The big data odyssey of SQL Server 2019, and more data and AI news from Microsoft Ignite

Ignite, Microsoft's annual IT Pro and Developer confab kicks off today, with a slew of news in the data, analytics and AI areas of the company's stack, both in-cloud and on-premises.
Written by Andrew Brust, Contributor

Microsoft Ignite kicks off in Orlando, FL today and numerous product teams -- several of them within the data and analytics stable -- are using the event as a vehicle to launch new releases, features and capabilities. My colleague Mary Jo Foley will be covering numerous announcements from the show, but this post aims to summarize all the data and AI news.

SQL Server 2019: a Big Data odyssey

The first slate of news comes from the land of (the on-premises version of) SQL Server. And the news is Big...as in Data. First off, Microsoft is releasing a public preview of SQL Server 2019, the next major release of the product. And within the 2019 version, there's lots that's new.

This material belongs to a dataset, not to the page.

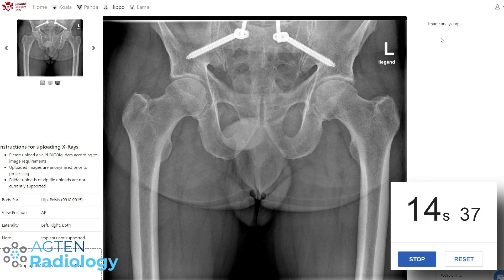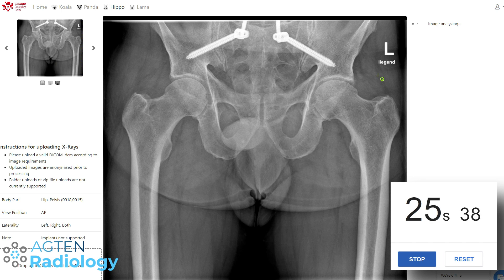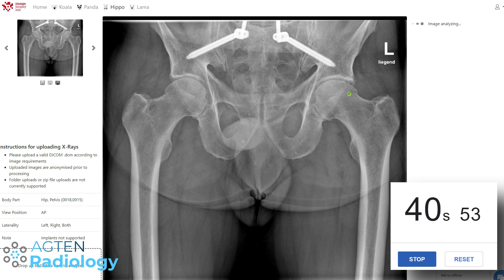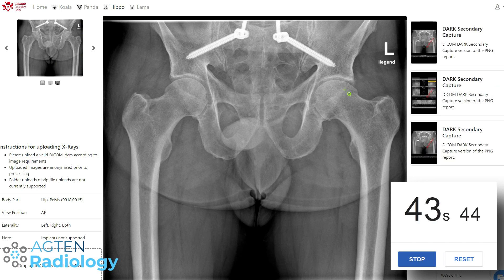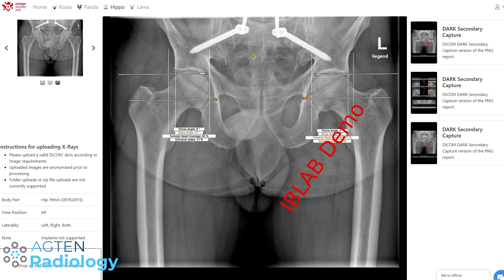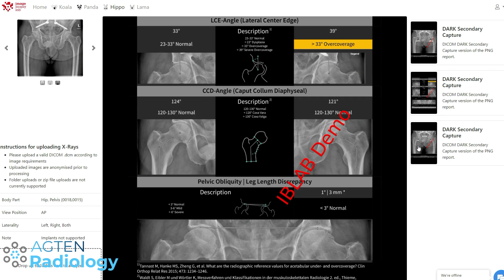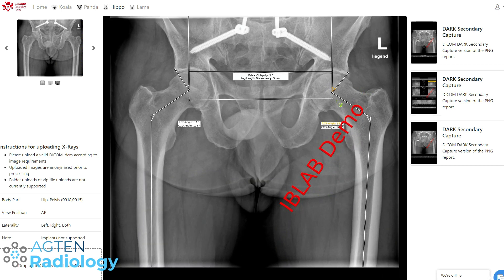What do you think about the speed? I think the speed is really impressive given that this is an online demo — we need to transfer the study to the server. It actually runs through the CPU, not the GPU — I asked them about it. That makes a lot of sense because the CNN for a radiograph is only one forward pass. This time we have a patient with some screws in the iliosacral joints, but it's still working — not interfering with the measurements. The angles look quite good here.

Also: What to do when big data gets too big TechRepublic

The biggest news is that, through a thorough revamp of the flagship database's storage engine and its PolyBase technology, SQL Server seeks to become a true Big Data platform, through integration with HDFS (the Hadoop Distributed Filing System) and Apache Spark. SQL Server will now be able to use HDFS for storage, will optionally leverage Spark for data engineering and machine learning tasks and can itself operate using a distributed architecture.

Also: Microsoft's PolyBase mashes up SQL Server and Hadoop

Nodes can run as SQL compute nodes, SQL storage nodes or HDFS data nodes. In the HDFS case, SQL Server and Apache Spark run co-located, in the same container. All of this interoperability is enabled by Kubernetes, and SQL Server 2019's Kubernetes-compatibility enables it to run on premises or across the various public clouds (even if not as a Platform as a Service offering).

Not for clusters only

SQL Server will also continue to work in its conventional SMP architecture and the enhancements to PolyBase are available there as well. These enhancements include the ability to connect to Oracle, Teradata, MongoDB, generic ODBC data sources and even other SQL Server instances, in addition to continued support for Azure storage, and both Cloudera and Hortonworks Hadoop clusters.

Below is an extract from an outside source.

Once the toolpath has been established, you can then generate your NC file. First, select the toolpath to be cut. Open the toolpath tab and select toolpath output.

And that's not all. For example, SQL Server 2019 brings enhanced features to the (very v1.0) graph processing capabilities introduced in SQL Server 2017. It also adds support for in-place execution of Java code, using the same infrastructure that enabled R and Python code to run in-database and facilitate the product's Machine Learning Services component, which itself will now run on SQL Server Linux instances as well as those running on Windows.

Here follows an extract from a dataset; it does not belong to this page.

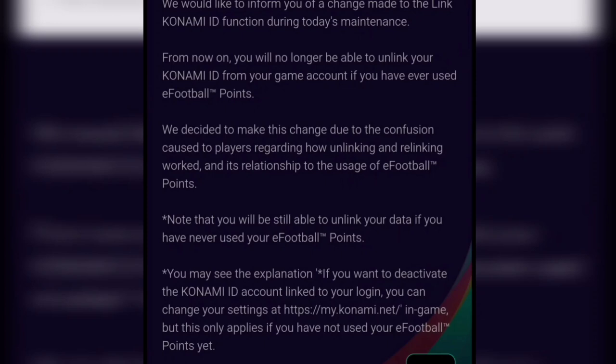If you've ever used the eFootball points feature — or someone has used eFootball points on your account — and you're having issues relinking your data to your Konami ID, what you need to know is that any Konami ID other than the original one used with eFootball points won't work. You have to find the original Konami ID and relink your game data back to it. Any other ID won't work until Konami revises the terms and conditions regarding eFootball points usage.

Also: SQL Server 2017 adds Python, graph processing and runs on Linux

Managed instances and hyperscale storage

The SQL Server technology family's innovations extend beyond the "box product" (i.e. on-premises SQL Server), though. For example, Microsoft is bringing Azure SQL Database Managed Instance to general availability (GA) today. Managed Instance brings near-full compatibility with on-prem SQL Server and yet the server instances are managed by Microsoft.

A new service, Azure SQL Database Hyperscale, which facilitates work with huge volumes of data -- up to 100TB, in fact -- is being launched in preview. While the technology is limited to the Azure SQL Database PaaS product, Rohan Kumar, Microsoft 's Corporate Vice President for Data, told me it will eventually make its way to Managed Instances and even to Azure SQL for MySQL, and MariaDB. There are even plans to bring Hyperscale storage to Azure SQL for Postgres (though that will be harder, since Postgres isn't designed to accommodate multiple storage engines the way MySQL and MariaDB are.)

Sharpest tool in the shed?

In other SQL Server news, Microsoft is also introducing a new product name: Azure Data Studio. The product itself isn't new, though, as Azure Data Studio is a re-brand of SQL Operations Studio, the cross-platform front-end tool for SQL Server. With the re-brand, Microsoft will be making the product more modular, so that it can work with data sources other than SQL Server. And using that new modular design, Microsoft is also releasing an add-in that allows the product to work with SQL Server 2019.

Beyond the SQL Server family, Microsoft has news around Cosmos DB, Azure Machine Learning and a new new service, as well.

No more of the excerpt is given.